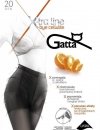 Gatta Bye Cellulite 20 den 5-XL Punčochové kalhoty
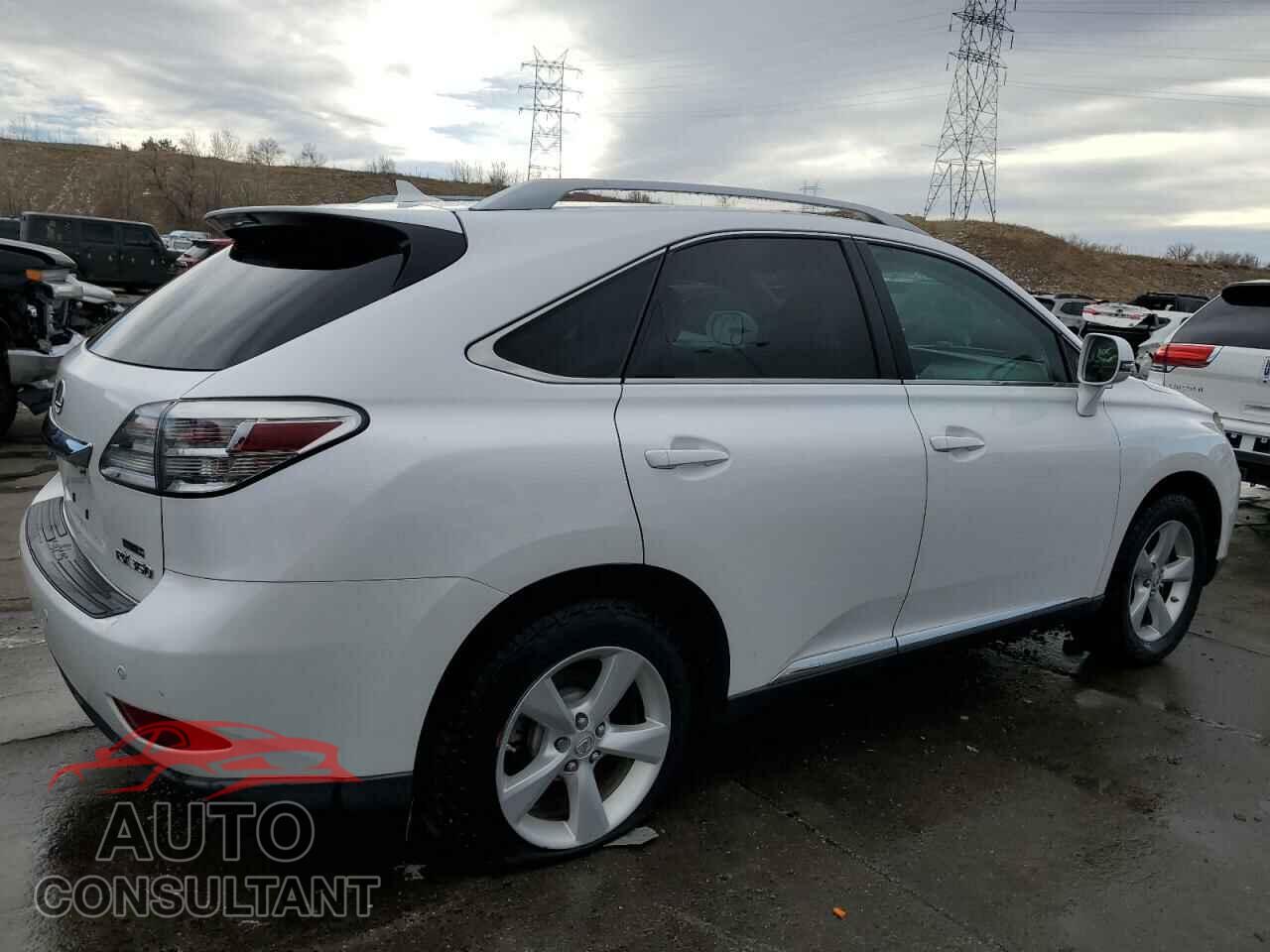 LEXUS RX350 2011 - 2T2BK1BA3BC106753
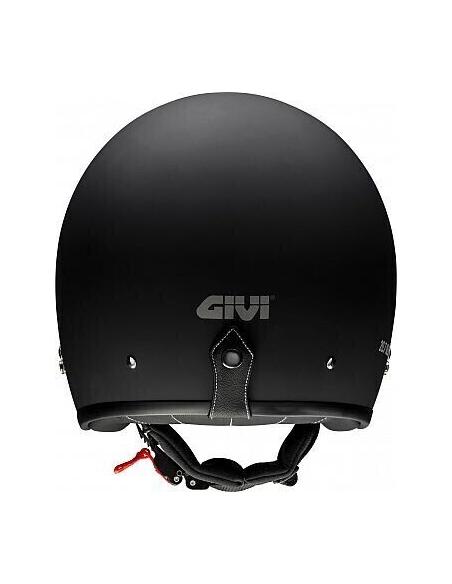 CAPACETE DE jet GIVI OLDSTER NEGRO MATE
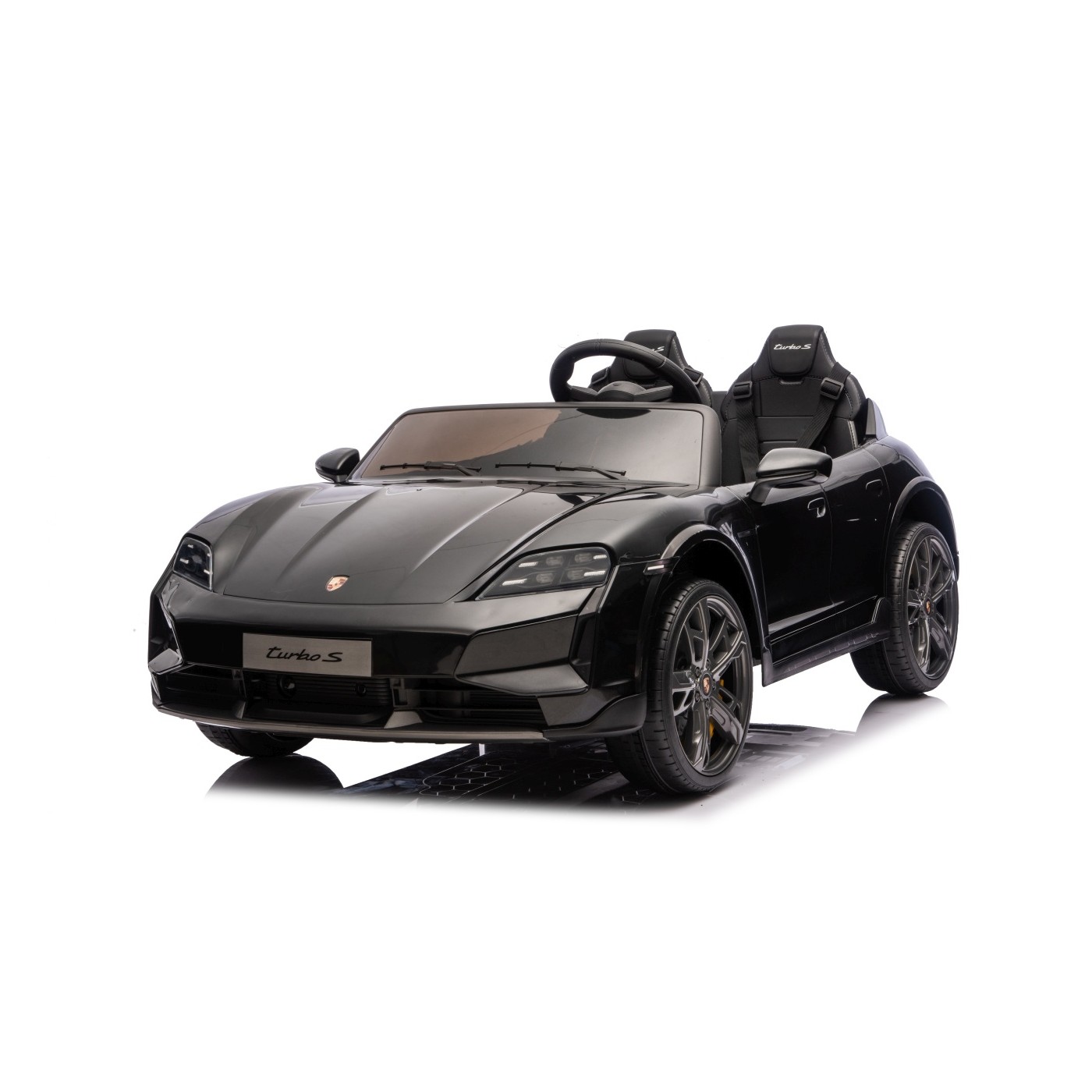 Porsche Taycan Turbo S Black Vehicle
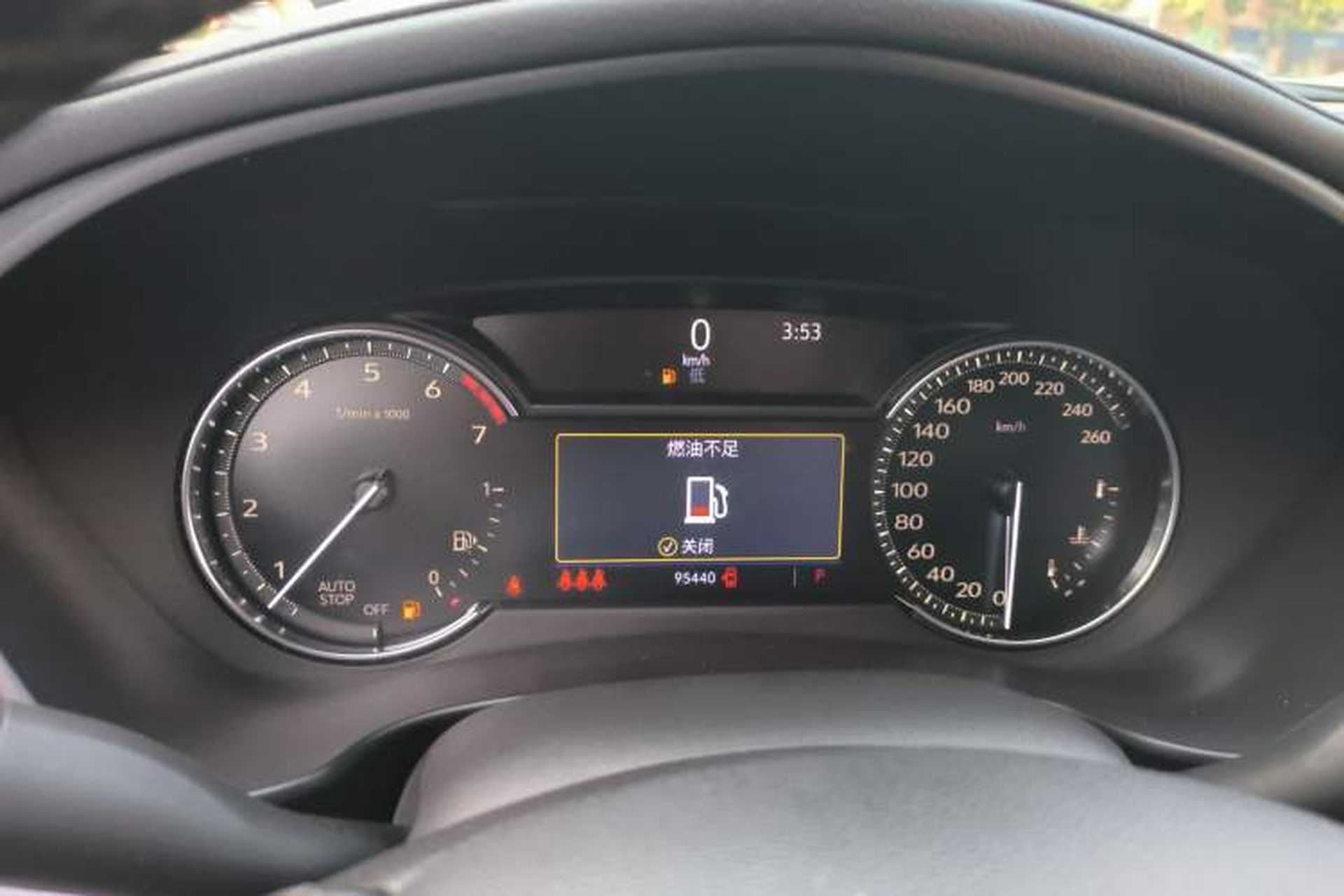 Used Cadillac XT4 2018 28T Two-Wheel Drive Tech Version Instrument Cluster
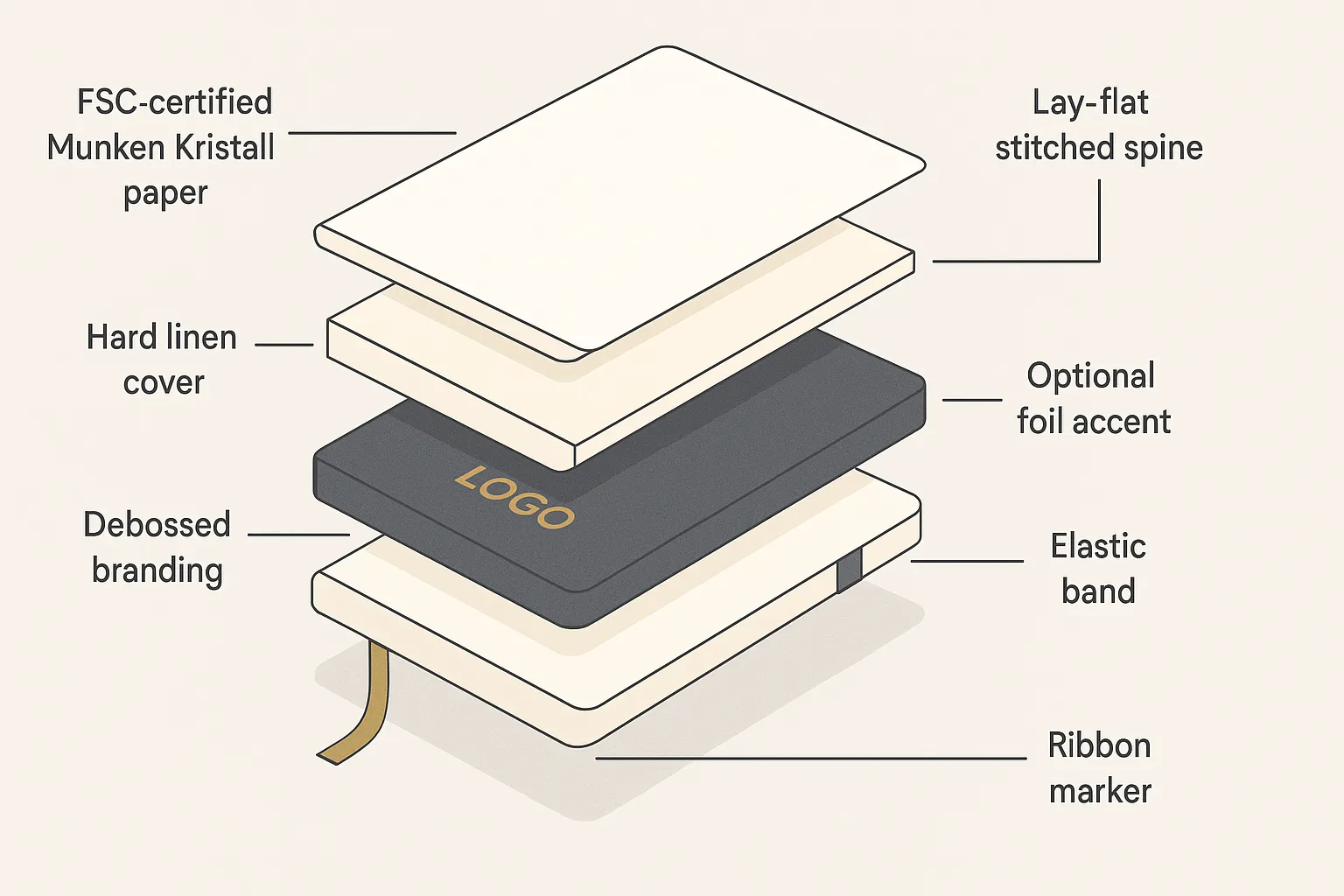Mattress Layers Diagram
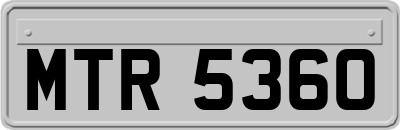 MTR5360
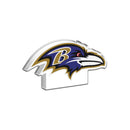 Baltimore Ravens Acrylic Shape Cut 3" Desk Art - .5" Thick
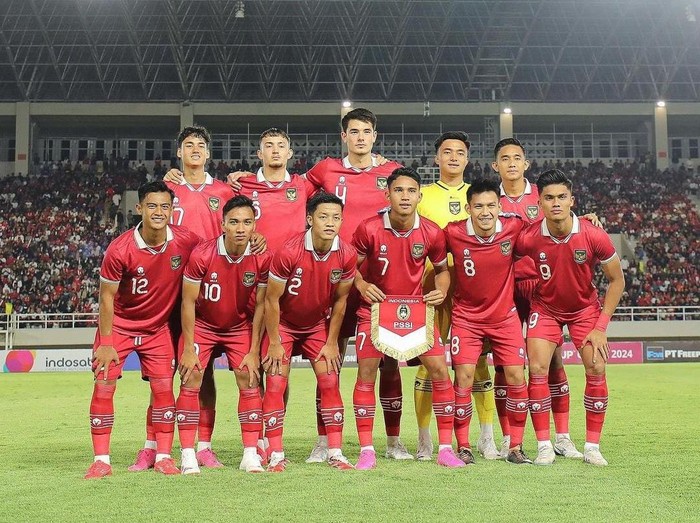Line Up Timnas Indonesia U-23 di Kualifikasi Piala Asia U-23.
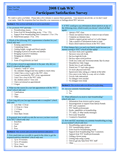 Participant Satisfaction Survey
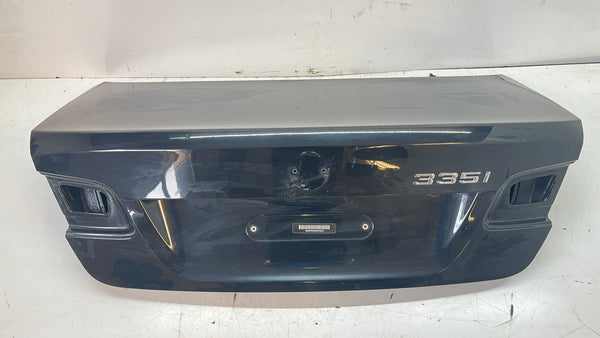BMW E92 LCI Trunk Lid Black Sapphire Metallic (475) 41627254428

- - - - - - -

§ **Task instructions**
None of the pictures belong in the copy. Write out exactly the lines from the line that holds "Baltimore Ravens Acrylic" through the last line of the listing above, both ends included.

§ **Result below**
 Baltimore Ravens Acrylic Shape Cut 3" Desk Art - .5" Thick
Line Up Timnas Indonesia U-23 di Kualifikasi Piala Asia U-23.
 Participant Satisfaction Survey
BMW E92 LCI Trunk Lid Black Sapphire Metallic (475) 41627254428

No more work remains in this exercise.